Ibaratnya pabrik kerupuk, sangat tidak mungkin menghasilkan banyak kerupuk, jika pasokan bahan bakunya hanya sedikit. Apa yang mau dikeluarkan meskin pencetak sistik, jika adonan tidak dimasukkan ke dalamnya. Butuh masukan, butuh pasokan, dan itu sama dengan otak kita jika ingin selalu lancar mempunyai banyak bahan tulisan.
Apa yang ditulis, jika otak tidak rutin mendapatkan masukan ilmu, dan bagaimana ilmu mau masuk jika membaca dan mendengarkan nasihat saja tidak mau. Tak bisa tidak, seorang yang ingin menjadi penulis mumpuni, dengan tulisan-tulisan berisi, yang bermanfaat buat orang banyak, menimba itu sudah menjadi keharusan baginya. Itulah sebabnya, maka membaca buku, mendengarkan buku elektronik, ceramah-ceramah bermanfaat, nasihat-nasihat berharga harus menjadi kesehariannya.
Akan tetapi semua itu berat dilakukan kecuali oleh seorang yang rendah hati. Selalu merasa butuh, merasa kurang, dan selalu menginginkan tambahan pengetahuan, yang membuatnya banyak membaca, mencari dan terus mencari pasokan pengetahuan. Begitulah yang para ulama terdahulu contohkan.

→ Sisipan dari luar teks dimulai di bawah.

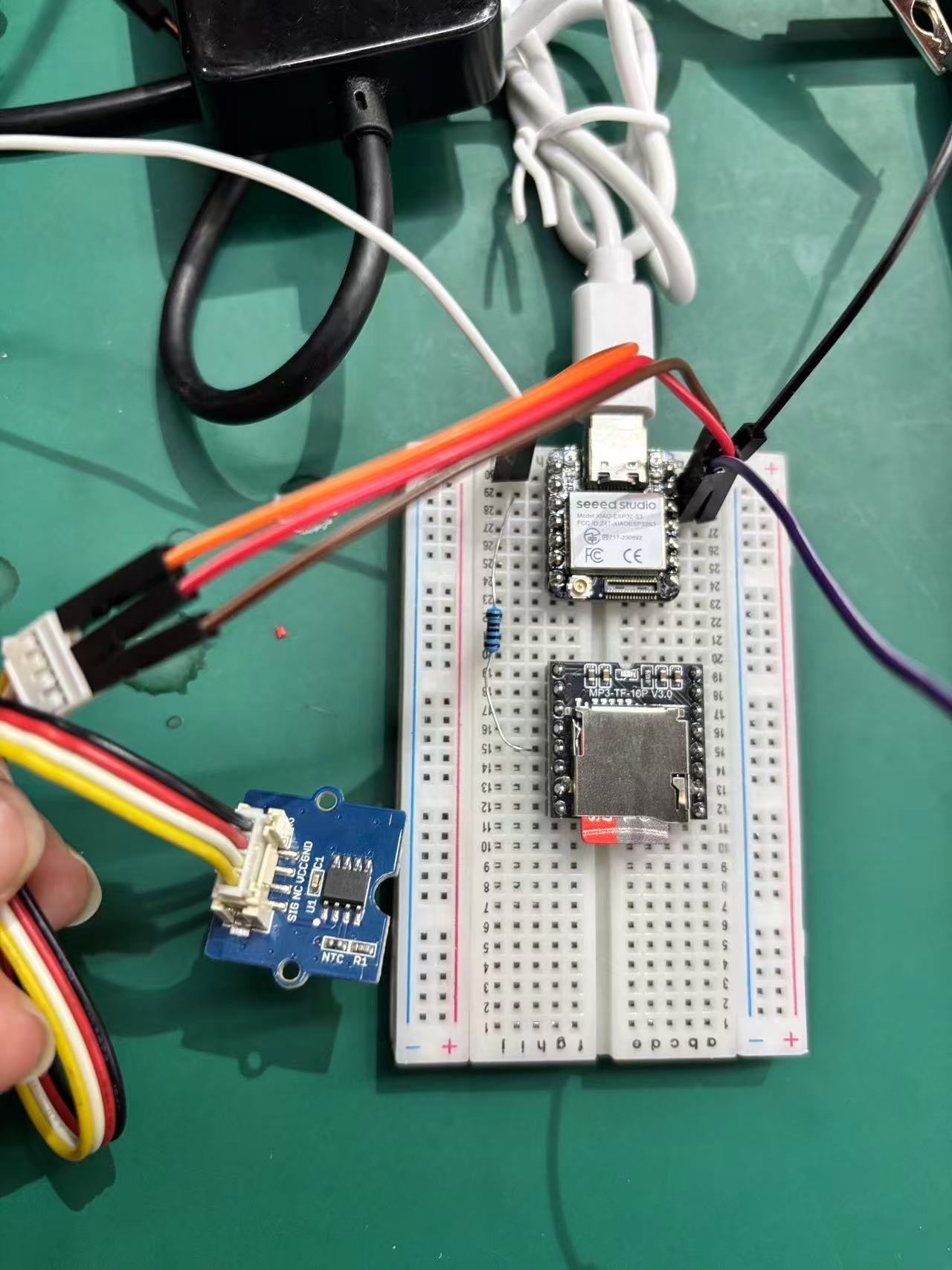 Seeed XIAO on breadboard wired to NTC R1 temperature sensor module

Tidak seorang pun dari mereka menulis kitab, kecuali awal kitab itu mereka sertai dengan ungkapan rendah hati. Ibrahim Albajuri contohnya seorang penyusun kitab Tijan Addaruri = mahkota berteteskan intan permata, di sana penulis, padahal kurang apa besar nama baiknya sebagai ulama, namun tetap mengakui dirinya, seorang yang sangat faqir akan rahmat dari Tuhan-Nya, yang dalam berbuat senantiasa dia seenaknya, kurang ketelitian, kurang kehati-hatian. Kerendah hatiannya ini pertanda, dia bukan seorang yang merasa sempurna dengan ilmunya.
Kepada merekalah mestinya para penulis berkaca. Memperbanyak membaca, mendengarkan nasihat-nasihat berharga, harus menjadi kesehariannya. Seperti membaca buku-buku yang sudah saya sediakan DI SINI, atau mendengarkan ceramah yang sudah saya sediakan DI SINI.
Jangan menjadi orang tolol yang kerjanya duduk menunggu ilham. Termenung berlama-lama di depan komputer, berjalan-jalan kian kemari tak tentu arah, atau duduk di tepi sungai mencari inspirasi. Jemputlah, inspirasi itu, kejar, raih, genggam, kunyah, telan, lalu ekpresikan. Karena kita, bukanlah rasul yang telah dijanjikan akan dikirimi wahyu, bukan pula Nabi Khidir yang sudah tercatat langsung Alloh anugerahi ilmu. Sebaliknya, seorang penulis adalah penulis, yang dari dulu, penulis adalah pencari ilmu, yang harus berusaha, mencari, menggali, dan mendapatkan ilmu, seperti Imam Hanafi, yang terus-menerus belajar dalam kesibukannya menjual pakaian, atau seperti Imam Bukhari, berani menempuh ribuan kilometer perjalanan, demi dapatkan pengetahuan, mengejar hadits-hadits Nabi meski harus kepayahan.